Does a Ratification Contract Require Good Faith?

October 5, 2022

A contract ensures stable and productive relationships among entities by defining the terms of agreement among them. To ensure that contracts function properly, it is important that they are approved by all. To do so, contracts between parties such as employers and employees are created after bargaining between both parties, and it is expected that the bargaining is done in good faith.

Read ahead to learn about contract ratification, why contracts should be negotiated in good faith, and the election process for contract ratification (which is basically voting by acclamation). 

What Is Contract Ratification?

Contract ratification is the approval of a contract by the members of an organization before the contract is implemented. The concept of contract ratification applies to contracts created by organizations such as workers unions and business corporations, elucidating the rights and responsibilities of members. For example, the contract may delineate terms of employment and duties of the employer. 

The contract must be ratified by members before implementation so that the terms and conditions listed in the contract are acceptable to the majority. 

How Is a Procedure for Contract Ratification Ensured?

The procedure for contract ratification is stipulated in the contract ratification clause. This clause is part of the contract itself and lays out the rules and procedures for contract ratification.

The contract ratification clause ensures fairness and accountability in the ratification process by precluding any confusion among the organization members, the leadership, and the drafters of the contract over how to ratify and implement the contract.

What Is the General Procedure for Contract Ratification?

The draft of a contract is created by a drafting committee after negotiations between the organization leadership or employers and a representative body of the employees, also known as a ‘bargaining committee.’ The bargaining committee negotiates the terms of the contract with the employers, taking into consideration the interests of the employees. Once the terms are negotiated, the contract is drawn up and presented to the members of the organization. 

Lastly, a vote is held according to the procedure outlined in the ratification clause. The general process of the election is the same—members either vote ‘yes’ or ‘no’ to the terms of the contract. If the majority (at least more than 50% of members) vote yes, the contract is ratified. If fewer than 50% vote yes, the contract fails to be ratified. 

What Does It Mean to Bargain in Good Faith?

Bargaining in good faith means that the employers bargain with the awareness that they must fulfill the conditions they agree upon through bargaining. It also means that employers will not make certain changes without bargaining with the bargaining committee and will not bypass the union or committee to make agreements directly with the employees it represents.

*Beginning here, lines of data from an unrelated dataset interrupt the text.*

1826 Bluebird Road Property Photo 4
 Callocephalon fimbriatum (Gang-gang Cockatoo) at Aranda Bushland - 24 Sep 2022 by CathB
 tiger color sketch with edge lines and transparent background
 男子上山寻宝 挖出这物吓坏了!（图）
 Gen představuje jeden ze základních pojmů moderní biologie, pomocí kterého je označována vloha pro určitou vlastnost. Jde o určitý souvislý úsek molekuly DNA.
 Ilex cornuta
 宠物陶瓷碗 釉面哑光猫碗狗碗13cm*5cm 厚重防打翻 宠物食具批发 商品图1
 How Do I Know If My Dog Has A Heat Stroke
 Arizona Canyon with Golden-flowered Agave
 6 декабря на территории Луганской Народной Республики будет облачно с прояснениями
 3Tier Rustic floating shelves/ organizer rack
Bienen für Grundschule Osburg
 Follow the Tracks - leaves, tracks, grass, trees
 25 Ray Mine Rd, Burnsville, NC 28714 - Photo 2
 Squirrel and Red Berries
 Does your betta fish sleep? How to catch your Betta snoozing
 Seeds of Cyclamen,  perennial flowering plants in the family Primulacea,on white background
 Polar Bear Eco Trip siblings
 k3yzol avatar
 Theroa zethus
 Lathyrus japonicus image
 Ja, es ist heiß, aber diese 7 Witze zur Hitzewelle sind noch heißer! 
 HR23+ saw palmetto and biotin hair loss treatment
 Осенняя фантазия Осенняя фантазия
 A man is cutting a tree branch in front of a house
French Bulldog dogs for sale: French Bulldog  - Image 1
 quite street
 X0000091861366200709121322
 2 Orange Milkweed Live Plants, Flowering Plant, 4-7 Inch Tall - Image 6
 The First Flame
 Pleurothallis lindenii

Why Is It Important to Bargain in Good Faith?

Bargaining in good faith is crucial for an organization not only to maintain its integrity and keep its employees happy, but also to prevent a high turnover rate and bad reputation. 

A company that fails to bargain in good faith might:

  • Fail to meet with the bargaining committee regularly
  • Engage in piecemeal bargaining
  • Make modifications in terms of the contract without consulting the bargaining committee
  • Refuse to provide information that the committee representing the employees claims is important for the bargaining process

Such actions can erode employee trust in the company and impede ratification of the contract. It may also lead to employees becoming disconcerted and leaving the company.  

What Happens After the Bargaining?

Once the bargaining committee has negotiated with the employers and a contract has been drawn up, it is put to a vote. There are two main ways to vote for contract ratification—on paper or online.

Voting Through Traditional Paper Ballot

Elections are usually held through a traditional paper ballot method in which each person registers one vote using a paper ballot. Employees can either vote ‘yes’ or ‘no’ through the paper ballot, which is meant to remain secret. Once all votes are collected, they are counted and tallied. If over 50% of people vote yes for contract ratification, the contract is ratified. 

Voting Online Through an Election Website

In this era of rapid digitalization, important processes like voting for ratification are being moved online, and there are many election websites, like ElectionBuddy, that allow organizations to hold votes online. The ballot for the election is generated according to the requirements of the election—for contract ratification, the ballot typically provides the option to choose either ‘yes’ or ‘no.’ The ballot may also allow you to choose the option to abstain’ or to provide additional information or ask a question.